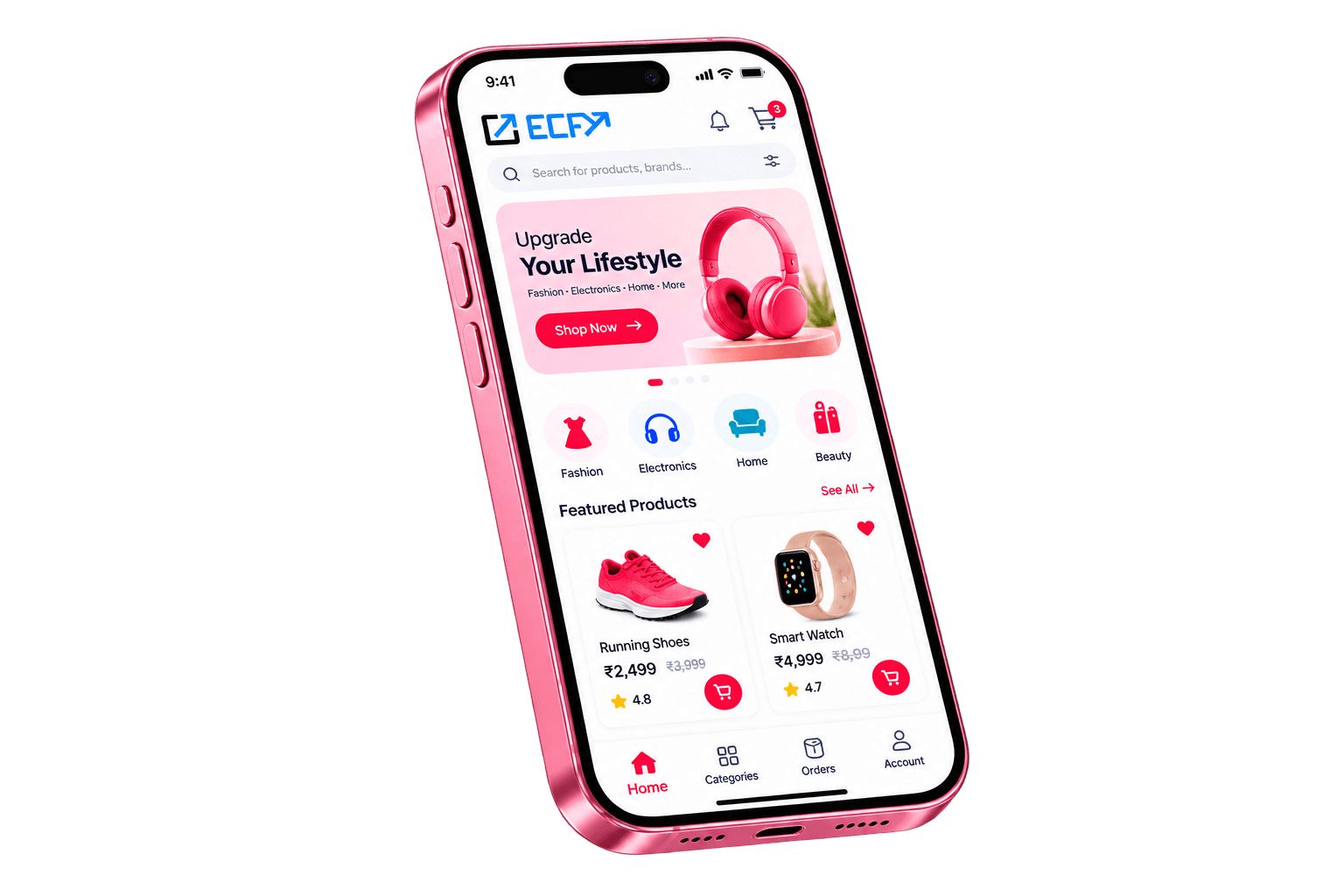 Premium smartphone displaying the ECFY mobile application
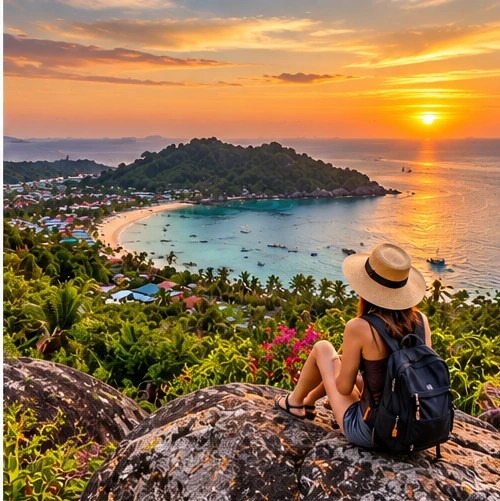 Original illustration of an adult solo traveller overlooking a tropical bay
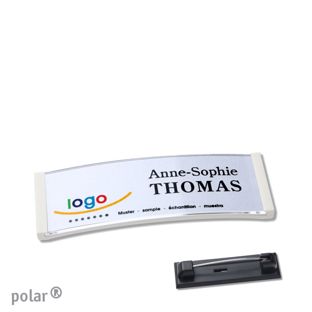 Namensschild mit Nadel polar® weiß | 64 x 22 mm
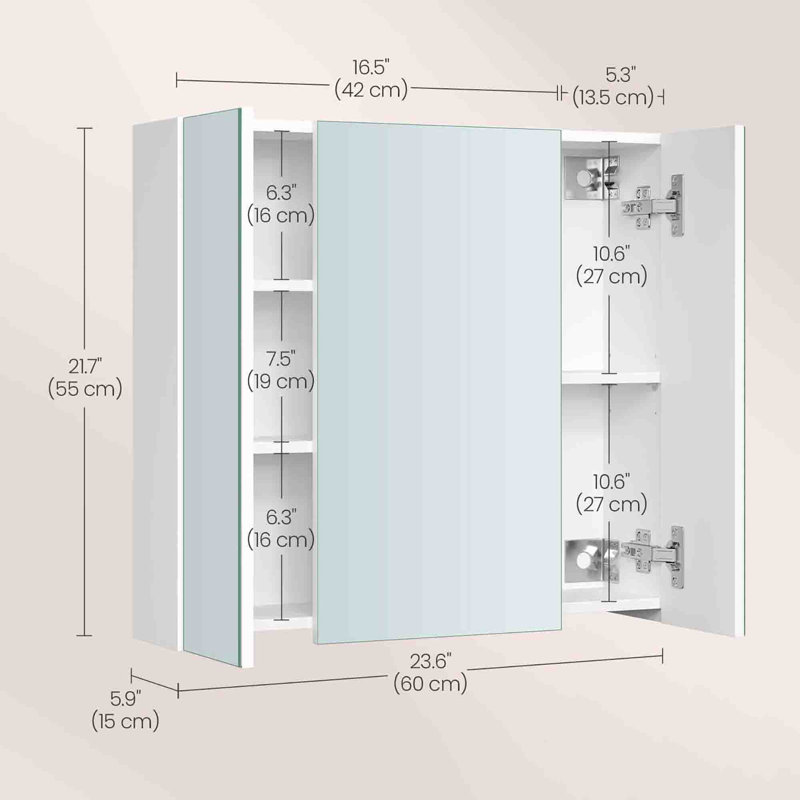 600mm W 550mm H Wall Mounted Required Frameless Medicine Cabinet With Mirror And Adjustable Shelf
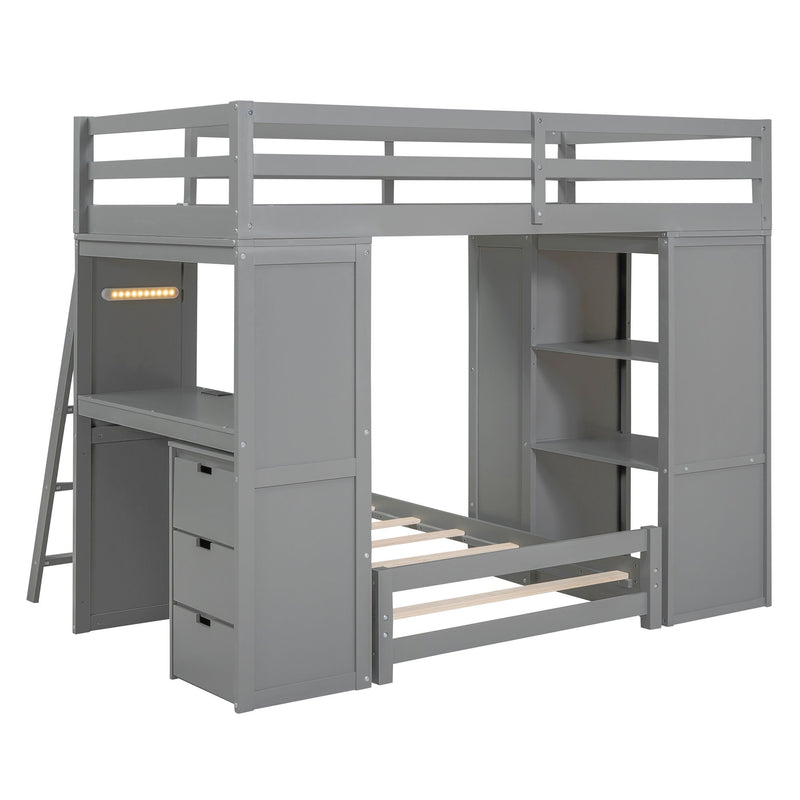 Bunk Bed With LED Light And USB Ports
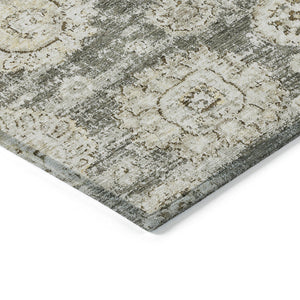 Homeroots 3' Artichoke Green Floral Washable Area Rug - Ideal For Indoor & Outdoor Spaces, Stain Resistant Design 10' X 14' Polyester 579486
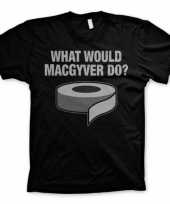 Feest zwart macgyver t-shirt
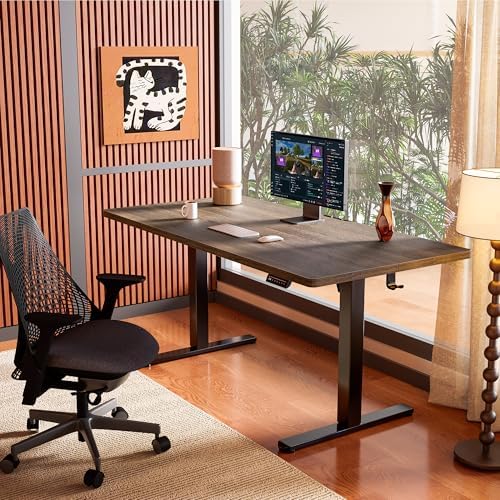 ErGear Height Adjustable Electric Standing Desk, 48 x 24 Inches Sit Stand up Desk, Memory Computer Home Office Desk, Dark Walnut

--

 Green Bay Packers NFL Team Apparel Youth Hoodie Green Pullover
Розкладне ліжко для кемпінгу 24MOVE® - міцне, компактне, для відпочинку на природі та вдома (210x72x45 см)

DIRECTIONS → What is needed is an exact copy of the lines above from the one with "Original illustration of" to the one with "Feest zwart macgyver t-shirt", both ends kept, and nothing more; please leave the pictures out.

TASK RESPONSE →
 Original illustration of an adult solo traveller overlooking a tropical bay
 Namensschild mit Nadel polar® weiß | 64 x 22 mm
 600mm W 550mm H Wall Mounted Required Frameless Medicine Cabinet With Mirror And Adjustable Shelf
 Bunk Bed With LED Light And USB Ports
 Homeroots 3' Artichoke Green Floral Washable Area Rug - Ideal For Indoor & Outdoor Spaces, Stain Resistant Design 10' X 14' Polyester 579486
 Feest zwart macgyver t-shirt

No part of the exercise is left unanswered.